- Opening Delimiter -

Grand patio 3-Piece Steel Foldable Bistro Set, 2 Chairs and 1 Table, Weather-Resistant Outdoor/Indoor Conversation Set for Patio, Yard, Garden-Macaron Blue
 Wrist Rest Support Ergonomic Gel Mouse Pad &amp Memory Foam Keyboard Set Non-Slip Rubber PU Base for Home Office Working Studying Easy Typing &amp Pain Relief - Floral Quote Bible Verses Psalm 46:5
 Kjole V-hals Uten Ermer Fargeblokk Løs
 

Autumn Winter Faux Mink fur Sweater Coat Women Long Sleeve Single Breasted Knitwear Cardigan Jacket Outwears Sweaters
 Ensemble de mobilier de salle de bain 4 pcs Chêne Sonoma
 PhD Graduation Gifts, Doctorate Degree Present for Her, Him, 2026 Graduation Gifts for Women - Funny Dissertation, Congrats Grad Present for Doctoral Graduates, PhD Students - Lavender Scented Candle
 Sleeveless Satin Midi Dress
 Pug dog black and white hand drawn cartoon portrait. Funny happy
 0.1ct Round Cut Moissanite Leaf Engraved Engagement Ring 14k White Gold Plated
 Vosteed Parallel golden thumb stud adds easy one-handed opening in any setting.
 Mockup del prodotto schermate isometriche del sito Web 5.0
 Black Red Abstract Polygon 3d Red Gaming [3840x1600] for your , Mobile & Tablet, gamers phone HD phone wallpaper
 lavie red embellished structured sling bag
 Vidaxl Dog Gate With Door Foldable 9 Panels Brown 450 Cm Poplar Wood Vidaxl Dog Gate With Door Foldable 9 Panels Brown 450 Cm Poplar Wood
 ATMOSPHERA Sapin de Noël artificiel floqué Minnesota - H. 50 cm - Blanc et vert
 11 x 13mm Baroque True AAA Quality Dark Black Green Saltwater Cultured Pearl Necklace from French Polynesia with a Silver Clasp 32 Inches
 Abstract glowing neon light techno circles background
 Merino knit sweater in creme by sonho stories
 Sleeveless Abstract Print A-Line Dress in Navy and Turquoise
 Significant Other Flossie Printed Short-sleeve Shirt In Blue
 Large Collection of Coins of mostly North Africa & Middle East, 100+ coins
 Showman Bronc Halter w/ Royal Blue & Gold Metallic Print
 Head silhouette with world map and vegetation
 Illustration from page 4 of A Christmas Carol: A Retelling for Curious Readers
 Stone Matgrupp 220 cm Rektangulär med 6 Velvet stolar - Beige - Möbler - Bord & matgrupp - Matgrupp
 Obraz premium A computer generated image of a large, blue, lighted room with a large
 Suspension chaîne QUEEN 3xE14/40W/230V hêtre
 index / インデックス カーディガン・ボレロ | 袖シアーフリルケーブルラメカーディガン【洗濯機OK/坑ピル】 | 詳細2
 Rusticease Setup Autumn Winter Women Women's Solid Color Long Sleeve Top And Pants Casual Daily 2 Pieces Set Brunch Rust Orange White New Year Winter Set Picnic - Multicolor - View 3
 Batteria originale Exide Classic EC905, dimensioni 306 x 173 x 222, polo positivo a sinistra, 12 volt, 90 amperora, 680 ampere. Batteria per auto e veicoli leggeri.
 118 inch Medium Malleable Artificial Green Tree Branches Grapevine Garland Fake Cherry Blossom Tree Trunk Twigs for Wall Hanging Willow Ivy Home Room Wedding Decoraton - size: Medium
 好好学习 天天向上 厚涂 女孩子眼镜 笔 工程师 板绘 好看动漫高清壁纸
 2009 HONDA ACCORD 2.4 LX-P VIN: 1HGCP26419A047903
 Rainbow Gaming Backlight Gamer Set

- Closing Delimiter -

Transcribe all of the entries without alteration.

§ **Solution to this exercise**
Grand patio 3-Piece Steel Foldable Bistro Set, 2 Chairs and 1 Table, Weather-Resistant Outdoor/Indoor Conversation Set for Patio, Yard, Garden-Macaron Blue
 Wrist Rest Support Ergonomic Gel Mouse Pad &amp Memory Foam Keyboard Set Non-Slip Rubber PU Base for Home Office Working Studying Easy Typing &amp Pain Relief - Floral Quote Bible Verses Psalm 46:5
 Kjole V-hals Uten Ermer Fargeblokk Løs
 

Autumn Winter Faux Mink fur Sweater Coat Women Long Sleeve Single Breasted Knitwear Cardigan Jacket Outwears Sweaters
 Ensemble de mobilier de salle de bain 4 pcs Chêne Sonoma
 PhD Graduation Gifts, Doctorate Degree Present for Her, Him, 2026 Graduation Gifts for Women - Funny Dissertation, Congrats Grad Present for Doctoral Graduates, PhD Students - Lavender Scented Candle
 Sleeveless Satin Midi Dress
 Pug dog black and white hand drawn cartoon portrait. Funny happy
 0.1ct Round Cut Moissanite Leaf Engraved Engagement Ring 14k White Gold Plated
 Vosteed Parallel golden thumb stud adds easy one-handed opening in any setting.
 Mockup del prodotto schermate isometriche del sito Web 5.0
 Black Red Abstract Polygon 3d Red Gaming [3840x1600] for your , Mobile & Tablet, gamers phone HD phone wallpaper
 lavie red embellished structured sling bag
 Vidaxl Dog Gate With Door Foldable 9 Panels Brown 450 Cm Poplar Wood Vidaxl Dog Gate With Door Foldable 9 Panels Brown 450 Cm Poplar Wood
 ATMOSPHERA Sapin de Noël artificiel floqué Minnesota - H. 50 cm - Blanc et vert
 11 x 13mm Baroque True AAA Quality Dark Black Green Saltwater Cultured Pearl Necklace from French Polynesia with a Silver Clasp 32 Inches
 Abstract glowing neon light techno circles background
 Merino knit sweater in creme by sonho stories
 Sleeveless Abstract Print A-Line Dress in Navy and Turquoise
 Significant Other Flossie Printed Short-sleeve Shirt In Blue
 Large Collection of Coins of mostly North Africa & Middle East, 100+ coins
 Showman Bronc Halter w/ Royal Blue & Gold Metallic Print
 Head silhouette with world map and vegetation
 Illustration from page 4 of A Christmas Carol: A Retelling for Curious Readers
 Stone Matgrupp 220 cm Rektangulär med 6 Velvet stolar - Beige - Möbler - Bord & matgrupp - Matgrupp
 Obraz premium A computer generated image of a large, blue, lighted room with a large
 Suspension chaîne QUEEN 3xE14/40W/230V hêtre
 index / インデックス カーディガン・ボレロ | 袖シアーフリルケーブルラメカーディガン【洗濯機OK/坑ピル】 | 詳細2
 Rusticease Setup Autumn Winter Women Women's Solid Color Long Sleeve Top And Pants Casual Daily 2 Pieces Set Brunch Rust Orange White New Year Winter Set Picnic - Multicolor - View 3
 Batteria originale Exide Classic EC905, dimensioni 306 x 173 x 222, polo positivo a sinistra, 12 volt, 90 amperora, 680 ampere. Batteria per auto e veicoli leggeri.
 118 inch Medium Malleable Artificial Green Tree Branches Grapevine Garland Fake Cherry Blossom Tree Trunk Twigs for Wall Hanging Willow Ivy Home Room Wedding Decoraton - size: Medium
 好好学习 天天向上 厚涂 女孩子眼镜 笔 工程师 板绘 好看动漫高清壁纸
 2009 HONDA ACCORD 2.4 LX-P VIN: 1HGCP26419A047903
 Rainbow Gaming Backlight Gamer Set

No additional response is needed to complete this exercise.